Big Data, Personalization and the No-Search of Tomorrow
The Future of Search is Personalization
We have always been thinking about personalization for search but rarely has it ever been implemented.
I think the primary reason for this is that it has always felt so ad-hoc: tweaking relevancy ranking parameters based on the user’s location, past history, job title, etc. How would we know if we were making things better or worse? Maybe we would be providing documents that were based on personalization factors, thinking we were doing the user a favor, but instead we just got in the way?
But a lot has changed since then.
First, Google has started to personalize their searches. And whatever Google does, the rest of the search world follows.
Second, customers are now designing personalized results into their user interfaces. Personalization is becoming a requirement.
Third, we now have Big Data, which provides a statistically valid process for optimizing how results are personalized. We can now create the formulas and have confidence that they will improve the user’s experience and provide a positive ROI.
And finally, we are creating our own relevancy models and putting those models directly into the search engine (with custom search operators) so that the results being served from the engine are automatically sorted by probability of relevancy. While not available in all engines, these relevancy models have become increasingly more powerful and sophisticated. No longer are they simple ADD & MUL operators with TF/IDF, but now we have all sorts of functions and mathematics, including vector comparisons.
And so now we enter the age of personalized search, big data, and “matching engines”.
The Process to Personalization
Search Technologies has been using big data processing and machine learning to improve search results for a while now, but it is only recently that we have come to understand that these same techniques can be used for personalization. Further, we believe this elevates the process of personalization from an ad-hoc, trial-and-error process into a statistically valid, data driven process which can deliver consistent and measurable return on investment.

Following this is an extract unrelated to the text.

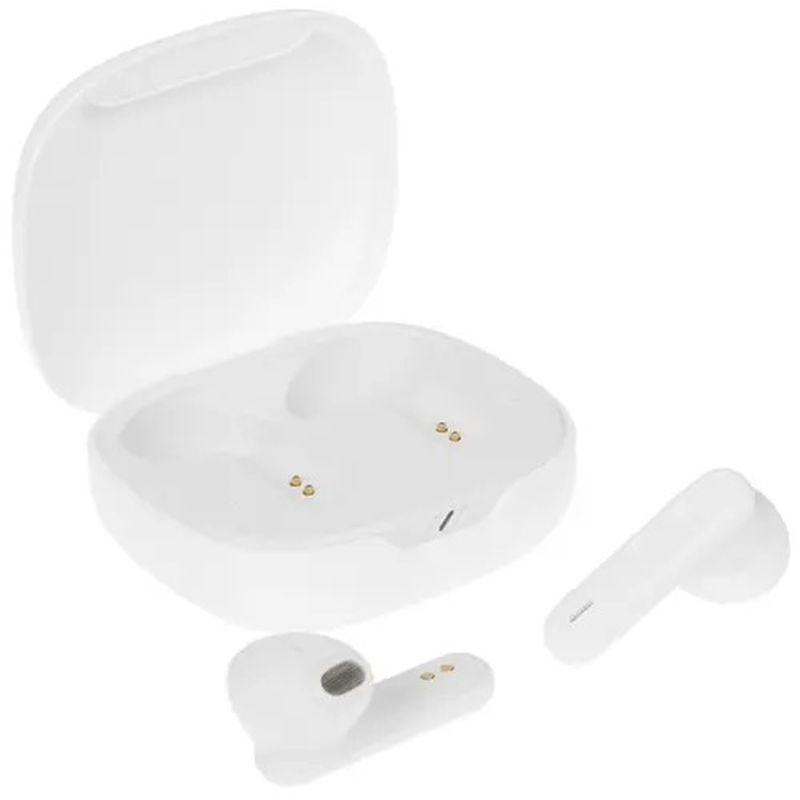Наушники JBL Wave 300TWS White (JBLW300TWSWHT) - фото 1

In our view, there are two steps towards implementing personalization.
Step 1: Use Historical Data to Generate Statistical Models
This step requires gathering historical data from all users and using this data within a big data framework to generate statistical models which predict the probability that a user will find an item (document, web page, product, destination, etc.) to be useful.
The process is cyclical with evaluation steps at every juncture:
“Signals” in the above process can include vectors, scalars, clusters, categories, etc. that represent (as much as possible) dimensions of personalization which correlate highly to probability of interest. Note that generating good signals usually represents 90+% of the total effort for the project.
Note also that the process is on-going, cyclical, and requires evaluation at every step. This is a data mining process which requires a deep understanding of the user population and the content offering of the system. Insights will lead to statistical models, which lead to more insights, which lead to better models in an on-going process of refinement and increased relevancy.
Step 2: Implement Personalization
Once valid, verified statistical models for personalization are available, they need to be used, in real time, to personalize the results for individual users. This is done as follows:
Ideally, all of these steps should occur as the user progresses through the system. Historical data is combined with data from the initial connection, and then every event (click, search, purchase, etc.) adds to the model and generates a new set of signals which are added to the search & match engine.
In practice, some signals may be too onerous to compute in real time and may need to be done in the background, for example, as a periodic batch process which prepares signals for the user’s next encounter with the system.
This is where the rubber meets the road. Generating high quality signals which correlate well to the user’s level of interest, and which can be computed in real time is a non-trivial problem which requires ingenuity, patience, and constant evaluation.
A New Type of Search
In this new, hyper-personalized world, we are no longer doing traditional search where the user enters a few keywords, and all that we do is find documents matching those keywords.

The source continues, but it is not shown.